The upstream side tubular assembly 2 comprises a first tube 4 and a second tube 5, both of which are substantially cylindrical. The first tube 4 is connected to the tip end of the fire hose 30, and the interior thereof forms a first flow path 34 which communicates with a flow path 32 inside the fire hose 30. The substantially cylindrical second tube 5 is screwed coaxially onto the outer periphery of the first tube 4. By rotating the second tube 5 about the axis, the second tube 5 is capable of forward (leftward in the drawing) and backward (rightward in the drawing) movements in the axial direction along the first tube 4. The second tube 5 comprises a front end portion 36 which always protrudes forward from the first tube 4. The interior of the front end portion 36 of the second tube 5 forms a second flow path 38 which communicates with the first flow path 34 inside the first tube 4.

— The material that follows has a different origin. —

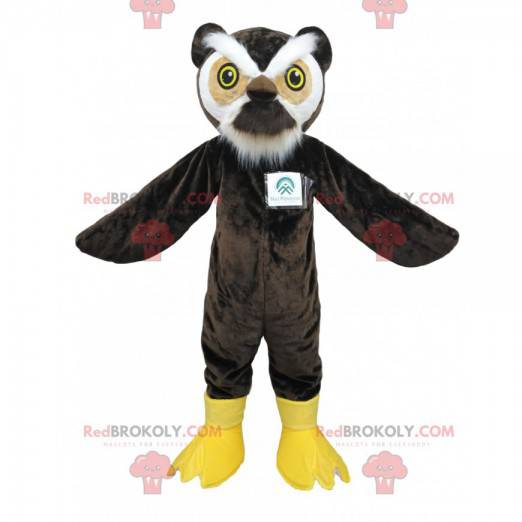 Brown owl mascot. Owls costume - Redbrokoly.com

A supporting body 6 is provided facing inward in a standing manner on the inner periphery of the first tube 4, and a base end portion of a valve rod 7 is fixed to the supporting body 6. The valve rod 7 is disposed coaxially with the first tube 4. The valve rod 7 comprises a front end portion 40 which protrudes toward the inside of the second flow path 38 in the second tube 5. The front end portion 40 of the valve rod 7 extends from an outlet of the second flow path 38 to a position frontward thereof by a slight distance. The front end portion 40 of the valve rod 7 acts as a throttle valve for gradually narrowing the cross-sectional area of the second flow path 38 in the second tube 5 toward the outlet. More specifically, as is shown clearly in FIG. 4, the inner diameter of the front end portion 36 of the second tube 5 at the part directly before the outlet expands gradually forward to form an inclined surface 11 having a fixed angle of incline when seen in cross section. Further, the outer diameter of the front end portion 40 of the valve rod 7 at the part directly before the outlet expands gradually forward to form an arched surface 12 having an angle of incline which becomes gradually sharper when seen in cross section. Hence the cross-sectional area of the second flow path 38 becomes gradually narrower at the front end portion 40 of the valve rod 7 and the front end portion 36 of the second tube 5, forming a throttled portion 10 having the smallest cross-sectional area at the outlet of the second flow path 38. The cross-sectional area of this throttled portion 10 is smaller than the substantial cross-sectional area of the flow path inside the downstream side tubular assembly 3 positioned downstream thereof. In other words, the cross-sectional area of the throttled portion 10 is the smallest of all the substantial cross-sectional areas along the flow paths inside the fire hose nozzle 1. Accordingly, the throttled portion 10 determines the total water discharge amount (total flow) at a fixed water pressure of the fire hose nozzle 1. By gradually narrowing the cross-sectional area of the second flow path 38 up to the throttled portion 10, resistance acting on the water passing therethrough can be reduced to a minimum, enabling a smooth flow of water.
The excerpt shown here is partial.